Americans have been leery of foreign investment for years. There was massive concern about the Japanese “buying up America” in the late 80s and early 90s, typified in the Michael Crichton novel (and Wesley Snipes / Sean Connery film) Rising Sun. When America’s net imports exceed its net exports – which is the case as of this writing – it’s always presented as a “trade deficit,” not a “credit surplus.” In reality, though, it means the same thing: America has a lot of foreign countries (such as China) willing to invest in it, not as many willing to buy its products.
Japan has always looked like a country ready to embrace Western ideals and Western investments. Ever since the Meiji Restoration, Japan’s embrace of capitalism has been almost quicker and more thorough than America’s own. But the relationship hasn’t always been fruitful. Sarari-man civilization has its discontents: cubbyhole hotels, depression and suicide, disaffected youth.
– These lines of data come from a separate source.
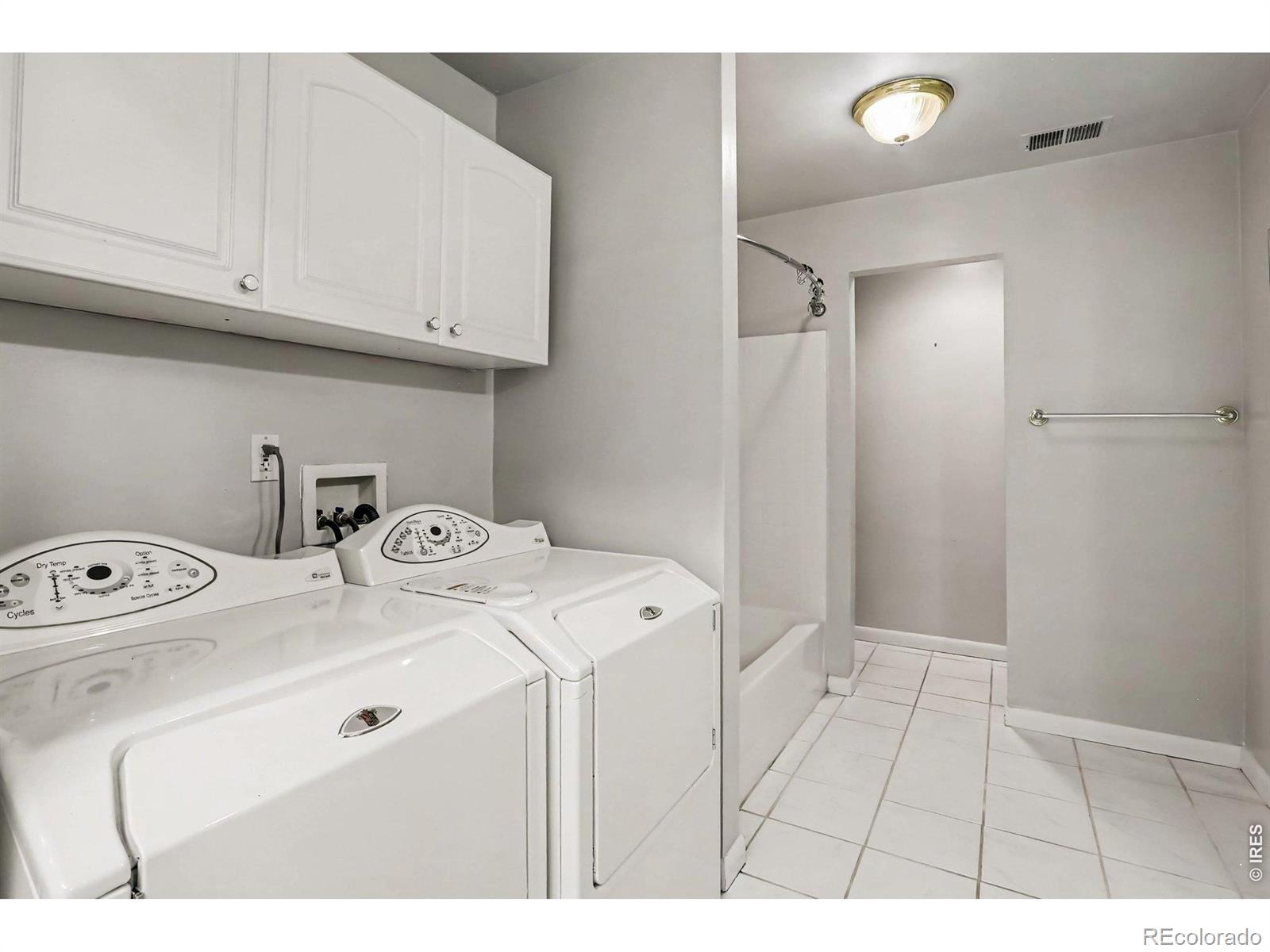 MLS Image #25 for 3105  grand view drive,greeley, Colorado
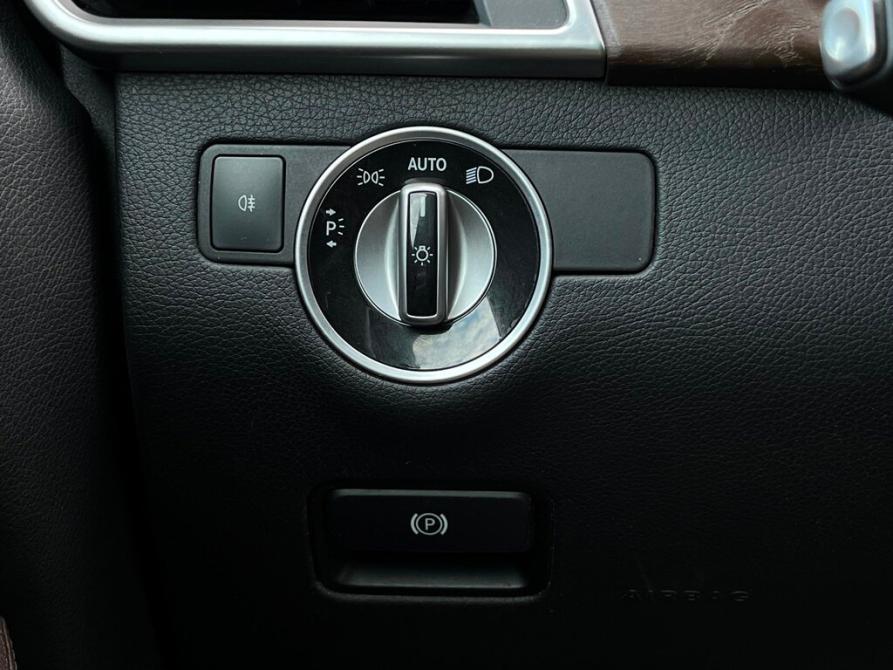 Mercedes-Benz GL-Класс II (X166) Санкт-Петербург  - изображение 28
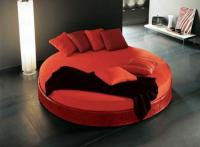 658107114:  en Alicante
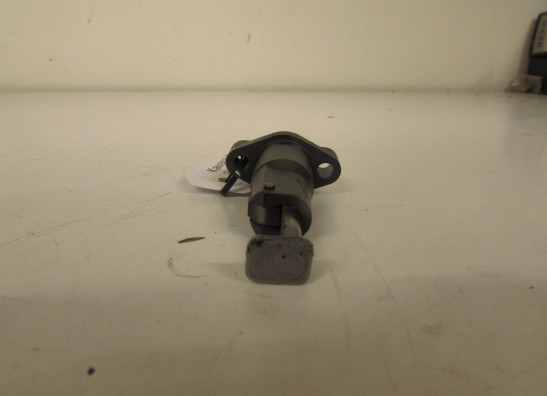 Motorblock Sonstiges Kawasaki Z 750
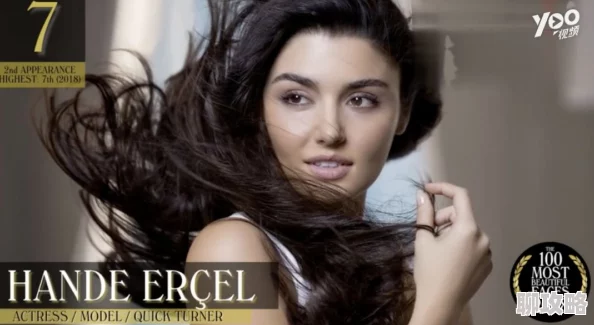 欧美va亚洲va国产综合内容尺度较大建议谨慎观看 欧美va亚洲va国产综合内容尺度较大建议谨慎观看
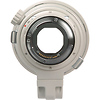 EF 200mm f/2.0L IS USM Autofocus Lens Thumbnail 2
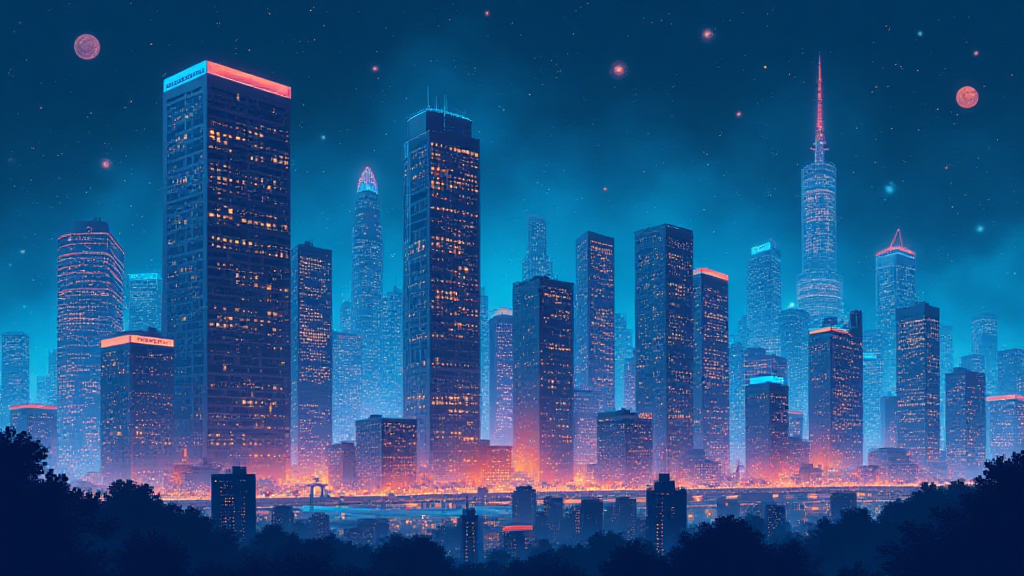 Hibt Stablecoin Integration for Real Estate Purchases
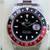 Rolex Gmt Ii Red And Black “Coke” Bezel Y Serial Model 16710 Lug Hole 1 thumbnail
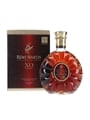 Remy Martin XO  70cl / 40%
Bubblegum Crisis and Akira reflect this dissatisfaction with foreign investment. In the face of a disaster, corporations and governments step in to rebuild Tokyo and make it more productive than before. But in doing so, they replace public spaces that had centuries of tradition with monolithic buildings. These massive arcologies each have one purpose – to house and employ the workers of a particular corporation. If you’re not part of that corporate culture – if you’re a runaway “Sexaroid” Boomer, perhaps, or a motorcycle gang – where do you go? What part of the city is yours?
Does this mean that we shouldn’t send money to Japan – whether as charity or as investment? No. But it means that Japan has long been afraid of the effect that foreign investment can have on its culture. Thousands of homes, shops and public spaces were swept away by the Tohoku tsunami. Japan does not have the infrastructure, or the credit, to replace them. This means that the decision as to what goes into those vacant spaces will be made by government institutions or international corporations.
Will those monolithic powers have Japan’s best interests at heart? We must hope so. But anime fans have reason to be worried.